▸ **How to complete this task**
Output exactly the lines that run from the start of the records to the line with "In a recent", counting both ends, and skip the pictures.

▸ **Input records**
- Opening Delimiter -

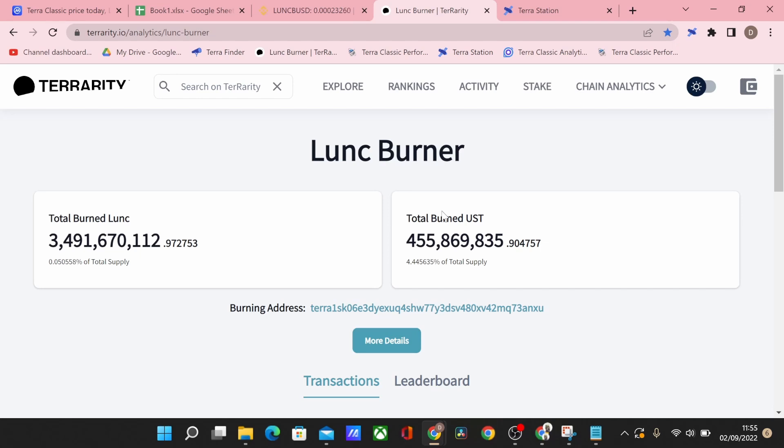None of this is financial advice. I'd love to know how much you're holding. If you stay to the end please comment how much Terra Luna Classic you have and are you buying more. Follow my TikTok, follow my Twitter and I will see you in the next one.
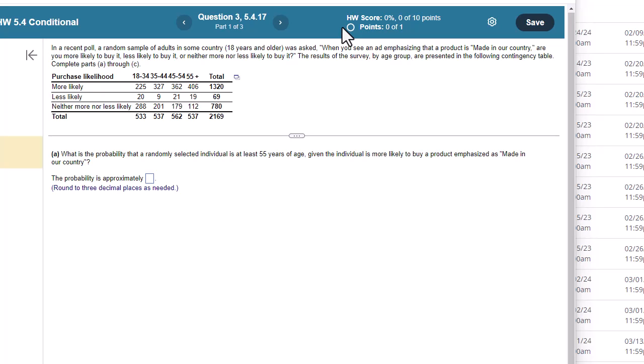In a recent poll, a random sample of adults in some country 18 years and older was asked, when you see an ad emphasizing a product is made in our country, are you more likely to buy it, less likely to buy it, or neither more nor less likely to buy it? The results of the survey by age group are presented in the following contingency table. Complete parts A through C.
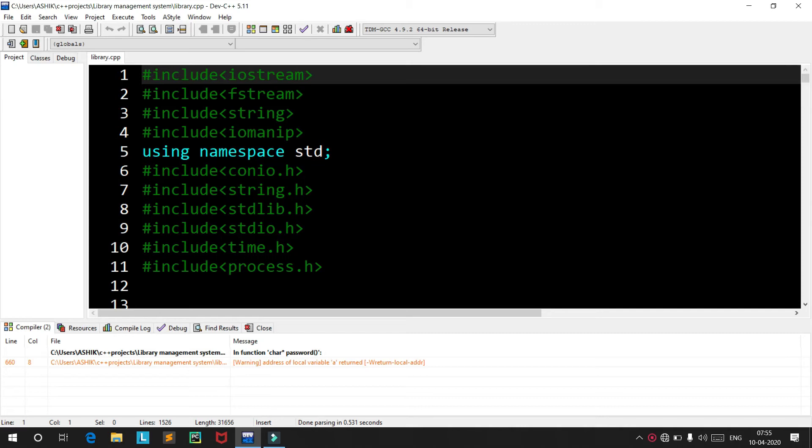Hello everyone, this is Aashik Miran Muhyiddin. Today we will have a look at my project: a library management system using C++.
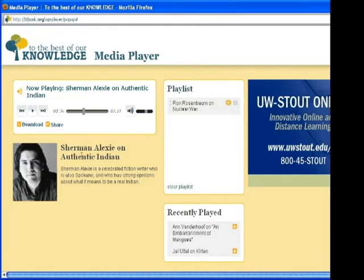Below the player you'll find more information about the current selection. Along with the title, there's a small image and a description of the selection.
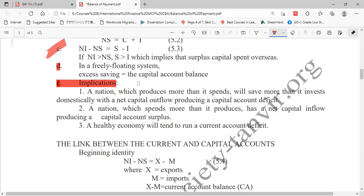A nation which produces more than it expands will save more than it invests domestically, with a net capital outflow producing a capital account deficit. So if you have a surplus in the current account — if you have lots of money in the current account — these additional funds after local investment mean you still have more money in your country than you need. So you will go for investment in other countries. When you go for investment in other countries, that is capital outflow.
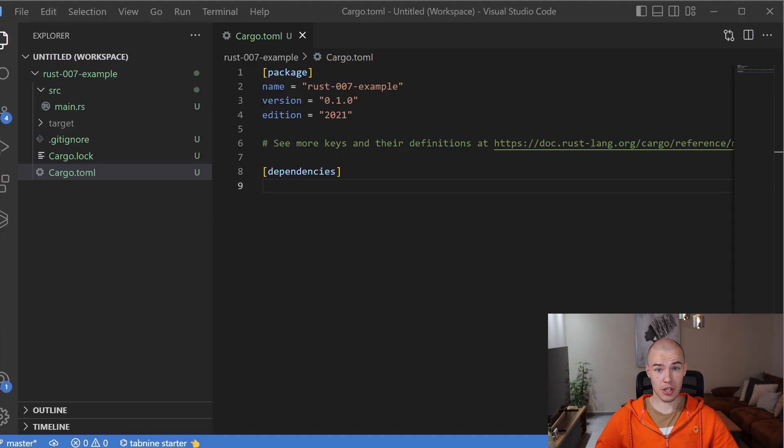The package section is dedicated to metadata about the project.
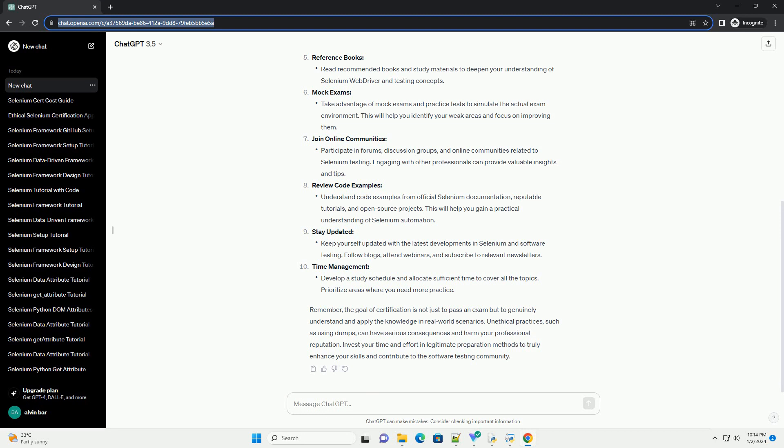Mock exams. Join online communities. Review code examples. Stay updated. Time management.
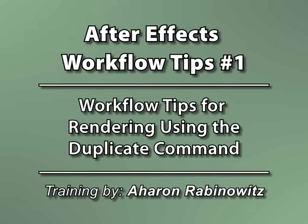Hey, this is Arwin Rabinowitz for CreativeCow.net. This is the first in a series of tutorials containing tips to help you optimize your After Effects experience.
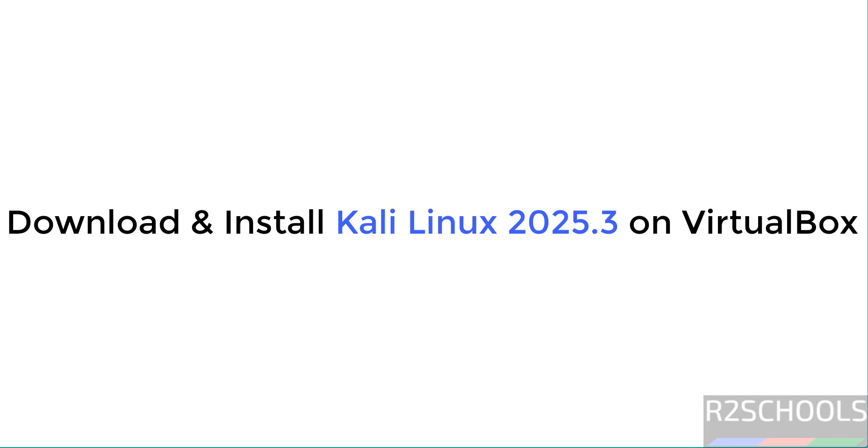Hello guys, in this video we will see how to download and install Kali Linux 2025.3 on VirtualBox.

- Closing Delimiter -

▸ **Response below**
None of this is financial advice. I'd love to know how much you're holding. If you stay to the end please comment how much Terra Luna Classic you have and are you buying more. Follow my TikTok, follow my Twitter and I will see you in the next one.
In a recent poll, a random sample of adults in some country 18 years and older was asked, when you see an ad emphasizing a product is made in our country, are you more likely to buy it, less likely to buy it, or neither more nor less likely to buy it? The results of the survey by age group are presented in the following contingency table. Complete parts A through C.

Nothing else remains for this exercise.